The following was originally published on the Sand Hill Group blog.
Although fraud and abuse are often cited as main drivers for the adoption of Hadoop in highly regulated industries, there has been relatively little focus on big data to prevent money laundering within commercial verticals. The former White House Deputy Chief Technology Officer, Daniel Weitzner, recently told The Wall Street Journal, “[Companies have] taken it on themselves to spot fraudulent transactions. [They] have invested billions in incredibly sophisticated Big Data techniques… But the understanding is the government—[and not banks]—will do the analysis to spot money laundering.”
However, a series of high-profile decisions by the U.S. Department of Justice against BNP Paribas, JP Morgan Chase, Barclays, and other large, global banks resulting in multi-billion-dollar fines has brought anti-money-laundering (AML) to the top of the financial services industry’s priority list. While the first wave of investment in big data tools and technology has heretofore been targeted at the identification and prevention of nefarious activities that lead to direct costs for banks, payment processors, and their customers, spending in the near term may likely be related to compliance with three key pieces of AML regulation:
- The Bank Secrecy Act (BSA)
- Know Your Customer (KYC)
- The Foreign Account Tax Compliance Act (FATCA)
Big Data Lightens the Burden of Investigation
Unlike other forms of fraud that are identified with machine learning algorithms that detect anomalies and outliers, money laundering schemes are designed to closely mimic typical banking behaviors and are, therefore, characteristically less anomalous. The thresholds mandated by reporting policies like BSA and utilized by first- and second-generation AML systems are well known, so criminals have little difficulty modeling the source of their above-board trade and transaction behaviors to be largely imperceptible, even to specialized software.

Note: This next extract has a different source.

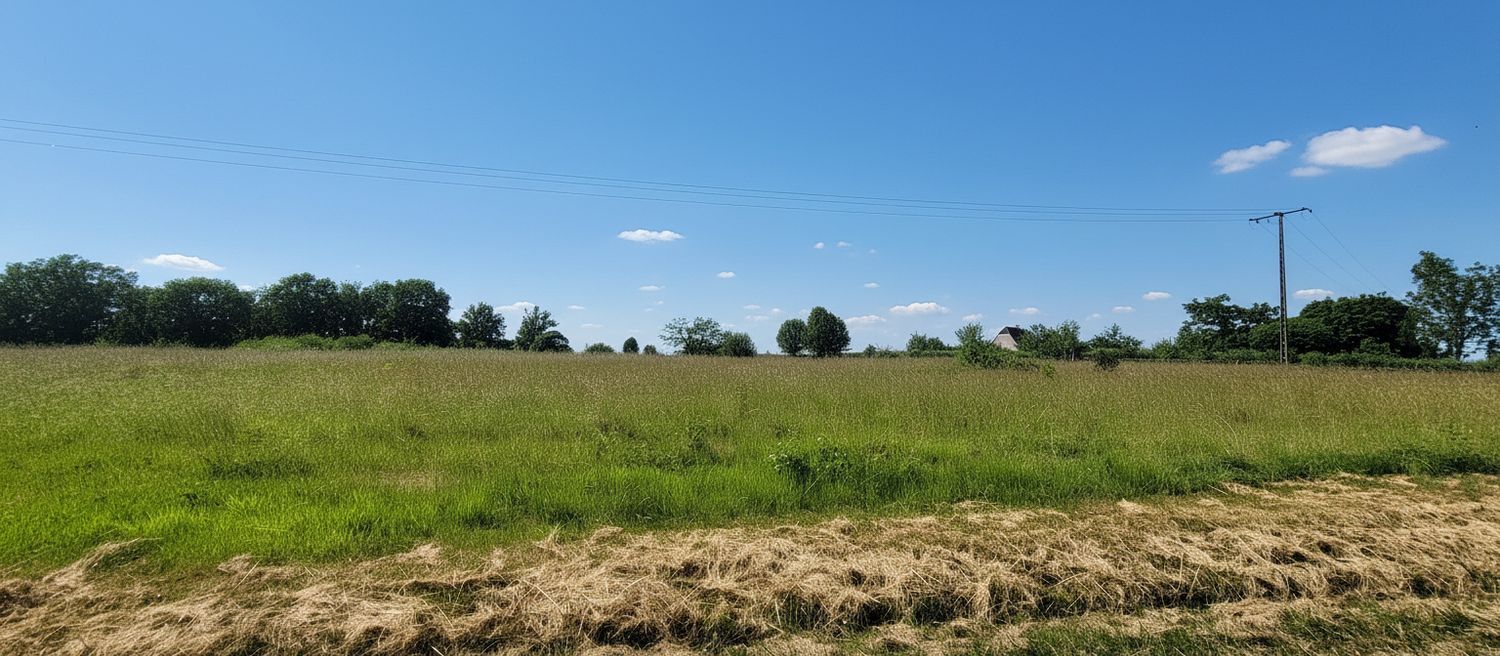 Image de terrain à Plazac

As a result, these systems must be enriched with much larger and more diverse data sets to isolate signals of possible money laundering. When a signal is detected, human judgment must be applied—a case is opened, which kicks off an inquiry to verify the crime and the extent of the damage. Without big data, the AML indicators are often not sufficiently distinct to be caught by computational models and leave most of the work to a time-consuming and expensive investigation. In fact, respondents to KPMG’s 2014 Global Anti-Money Laundering Survey reported they are “increasingly unhappy with their current automated monitoring efforts, [and are] looking for software that can reduce the burden on the compliance department.”

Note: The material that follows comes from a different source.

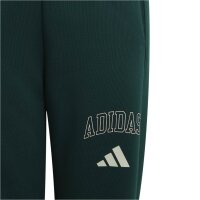 adidas Seasonals Collegiate Typography lange Hose Kinder - cgreen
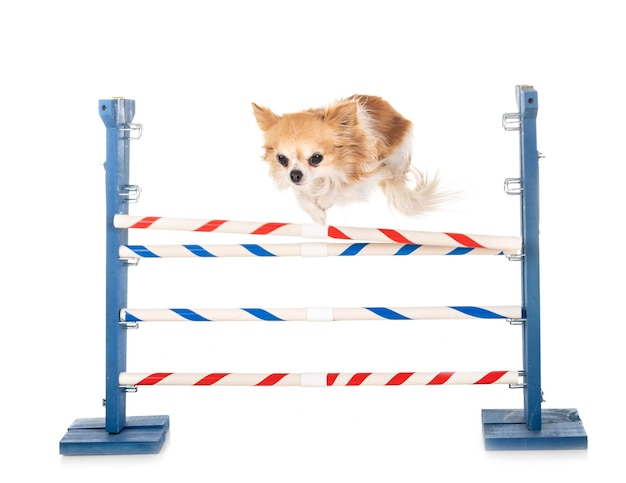 白い背景の犬の肖像画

Apache Hadoop is the ideal platform for AML because it augments all of the core functions of a specialized system to better handle big data: data collection, data preparation, automated evaluation, model building, and investigation. The modern AML architecture is fully integrated with an enterprise data hub, with Hadoop initially staging massive complex data for legacy solutions to provide runtimes for the predictive models and perform the actual fraud detection. Beyond the introductory use case of more expansive and affordable storage, Hadoop’s natural fit for backtesting against long-term descriptive data is gaining popularity for more advanced AML workloads, as is the use of other components in the Hadoop stack for exploration, discovery, investigation, and forensics.
Building an AML Solution with an Enterprise Data Hub
Here’s a brief overview of the enterprise data hub value chain for AML:
Data Collection. Bank data tends to be segregated into silos, and modeling is usually limited to a few weeks or months. In contrast, the cost of storing data on Hadoop is typically orders of magnitude lower than every other alternative, meaning data spanning decades can easily and affordably be retained and queried in one place.

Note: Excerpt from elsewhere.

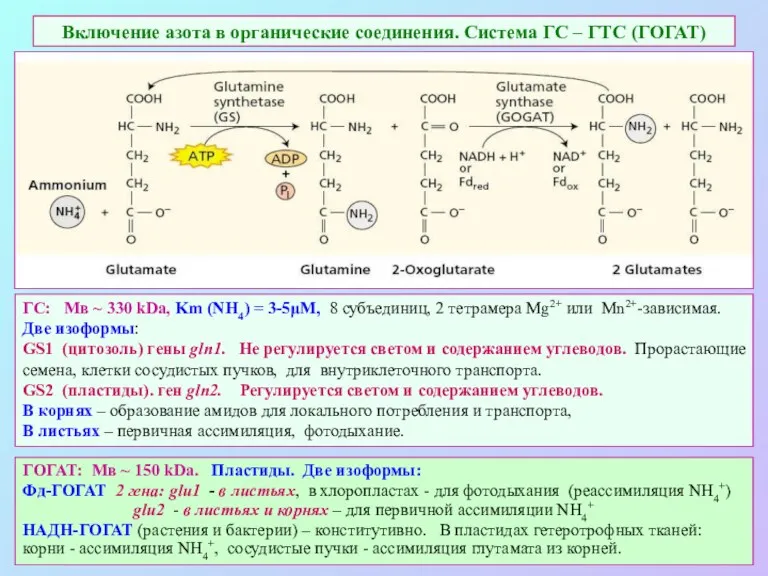 Включение азота в органические соединения. Система ГС – ГТС (ГОГАТ)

Data Preparation. Hadoop excels at data enrichment, transformation, and vectorization prior to being scored for fraud. It enables heuristic matching algorithm required to prepare certain types of data and integrates with familiar ETL tools while Hadoop handles the heavy data collection, transformation, and preparation.
Fraud Scoring. Access to a variety of predictive models improves the accuracy of fraud models. Hadoop’s support for multiple frameworks can bring multiple computational techniques to bear on the AML problem, including static rules engines, state machines, graph algorithms, natural language processing, and machine learning.
Model Development. Criminal methods evolve to evade detection, requiring predictive models to be improved over time. While some models are relatively static, others use techniques like linear regression and clustering, which require training from a historical data set. Interactive query tools like Cloudera Search and Impala facilitate the discovery of new patterns and associations while the availability of more data and processing power in Hadoop allow models to incorporate more parameters, train on longer historical perspective, and iterate more rapidly when backtesting new variations.
Investigation. Improving model accuracy to eliminate false positives, thereby reducing the time- and resource-intensive caseload for the human element of investigation, is a major way Hadoop decreases the cost of AML. As part of an enterprise data hub, ad hoc interactive query reduces the burden of investigation by providing fast answers to arbitrary questions over large data sets.
As part of an enterprise data hub, Hadoop’s flexibility, scalability, and affordability are extending existing investments in dedicated fraud-detection solutions by increasing the volume, age, and variety of data that can be examined while speeding up data transformation for faster time to insight. Once such massive data is consolidated, Hadoop can increasingly take on more advanced AML workloads such as entity matching while Cloudera Search and Impala remove the complexity of model development, process automation, and case investigation.